圧倒的不利な状況にも関わらず彼は捨て身の猛攻を見せ、負傷しながらもティナの援護にやってきていた。


(この人、負傷でハイになってるのか!?)

「ッ!遊んでるわけがないだろう!」

「ぜぇ……ぜぇ……合わせろよ?まだほかにも大勢残ってんだからなぁ!」


ティナのピンチに駆け付けたレイザンは息を切らせながらも不敵に笑う。

そんな彼に負けじとティナは刀を構えたのだった。



ボォオオオン!!


そしてティナがレイザンとの共闘を開始したちょうどその頃。

壁を突き破り最短距離で進んでいたボレロが、盛大に壁を破壊して闘技場内にある宝物庫へとたどり着いたのだ。


「はぁ……はぁ……ここだ。

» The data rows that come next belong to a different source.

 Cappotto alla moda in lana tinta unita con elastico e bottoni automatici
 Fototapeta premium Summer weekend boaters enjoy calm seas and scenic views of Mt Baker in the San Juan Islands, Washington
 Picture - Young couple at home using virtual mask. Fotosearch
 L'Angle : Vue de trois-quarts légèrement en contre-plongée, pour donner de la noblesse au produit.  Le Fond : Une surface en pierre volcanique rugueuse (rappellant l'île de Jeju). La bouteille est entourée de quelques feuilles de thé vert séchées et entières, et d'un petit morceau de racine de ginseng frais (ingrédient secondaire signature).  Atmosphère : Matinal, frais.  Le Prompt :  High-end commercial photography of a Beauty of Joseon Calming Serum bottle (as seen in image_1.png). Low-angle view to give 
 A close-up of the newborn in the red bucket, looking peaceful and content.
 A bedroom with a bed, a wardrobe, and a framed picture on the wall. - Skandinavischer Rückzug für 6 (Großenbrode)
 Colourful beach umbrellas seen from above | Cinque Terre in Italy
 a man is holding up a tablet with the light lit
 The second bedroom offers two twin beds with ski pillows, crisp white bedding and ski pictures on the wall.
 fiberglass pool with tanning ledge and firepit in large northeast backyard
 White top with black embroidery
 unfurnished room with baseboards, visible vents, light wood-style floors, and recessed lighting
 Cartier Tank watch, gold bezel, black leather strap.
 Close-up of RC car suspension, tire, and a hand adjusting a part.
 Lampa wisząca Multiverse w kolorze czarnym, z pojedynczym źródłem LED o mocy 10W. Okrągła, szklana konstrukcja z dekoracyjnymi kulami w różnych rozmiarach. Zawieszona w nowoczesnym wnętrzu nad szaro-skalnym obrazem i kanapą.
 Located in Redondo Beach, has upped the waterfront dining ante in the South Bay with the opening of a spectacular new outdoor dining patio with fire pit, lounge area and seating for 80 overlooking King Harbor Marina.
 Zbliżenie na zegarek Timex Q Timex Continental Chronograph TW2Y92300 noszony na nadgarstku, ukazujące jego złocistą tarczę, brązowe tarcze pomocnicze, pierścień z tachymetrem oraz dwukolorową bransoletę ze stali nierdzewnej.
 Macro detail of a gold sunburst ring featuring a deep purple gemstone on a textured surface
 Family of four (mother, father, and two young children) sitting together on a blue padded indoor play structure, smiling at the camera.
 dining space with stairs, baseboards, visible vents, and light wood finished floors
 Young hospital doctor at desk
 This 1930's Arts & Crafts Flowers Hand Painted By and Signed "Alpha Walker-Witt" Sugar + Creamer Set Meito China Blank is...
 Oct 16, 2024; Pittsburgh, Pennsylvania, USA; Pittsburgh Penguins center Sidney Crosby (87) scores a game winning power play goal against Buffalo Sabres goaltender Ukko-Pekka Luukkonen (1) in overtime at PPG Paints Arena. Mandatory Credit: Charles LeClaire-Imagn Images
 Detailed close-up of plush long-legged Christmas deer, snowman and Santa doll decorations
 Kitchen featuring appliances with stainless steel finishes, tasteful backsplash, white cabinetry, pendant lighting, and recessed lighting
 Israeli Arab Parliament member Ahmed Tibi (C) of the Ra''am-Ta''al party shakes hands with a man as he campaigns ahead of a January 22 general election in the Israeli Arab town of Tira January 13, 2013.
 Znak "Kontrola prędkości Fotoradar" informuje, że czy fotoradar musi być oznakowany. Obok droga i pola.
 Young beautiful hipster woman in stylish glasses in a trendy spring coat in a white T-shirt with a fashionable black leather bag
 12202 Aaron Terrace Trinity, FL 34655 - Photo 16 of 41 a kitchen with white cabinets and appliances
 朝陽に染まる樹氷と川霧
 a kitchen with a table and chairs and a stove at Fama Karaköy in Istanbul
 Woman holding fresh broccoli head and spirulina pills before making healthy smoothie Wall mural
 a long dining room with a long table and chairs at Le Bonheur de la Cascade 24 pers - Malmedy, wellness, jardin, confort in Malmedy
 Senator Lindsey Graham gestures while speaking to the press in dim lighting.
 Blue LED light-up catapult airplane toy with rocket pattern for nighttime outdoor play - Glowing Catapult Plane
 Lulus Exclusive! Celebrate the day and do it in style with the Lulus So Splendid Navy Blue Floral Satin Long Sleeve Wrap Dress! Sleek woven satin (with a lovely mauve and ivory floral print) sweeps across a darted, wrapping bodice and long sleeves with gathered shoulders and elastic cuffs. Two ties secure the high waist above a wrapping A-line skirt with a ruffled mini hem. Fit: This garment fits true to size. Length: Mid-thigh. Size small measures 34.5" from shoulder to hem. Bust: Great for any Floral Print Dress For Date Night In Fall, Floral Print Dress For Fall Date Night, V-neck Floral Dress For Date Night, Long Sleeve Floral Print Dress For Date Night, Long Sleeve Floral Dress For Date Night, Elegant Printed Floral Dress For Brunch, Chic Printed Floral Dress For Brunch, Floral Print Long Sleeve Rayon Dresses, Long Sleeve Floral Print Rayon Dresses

この宝箱の中に……」

「ッ!」


息を切らせながらボレロが進んだ先に、ひときわ目立つ装飾の施された宝箱がおかれていた。

その宝箱の鍵を強引に破壊して開けると、底に入っていた剣にソシアは言葉を失った。


「これが王匠グラディウス……」


それは名工グラムが作り出した最高傑作。

王族ですらまともにお目にかかれない希少なミスリル鉱で作られた、一切の穢れを寄せ付けないような輝きを放つ剣。


「早くそれを弟に!」

「はい!」


だが感傷に浸っている時間はない。

その剣を手にしたソシアはボレロと共にその剣をアレスに渡そうと走り出したのだった。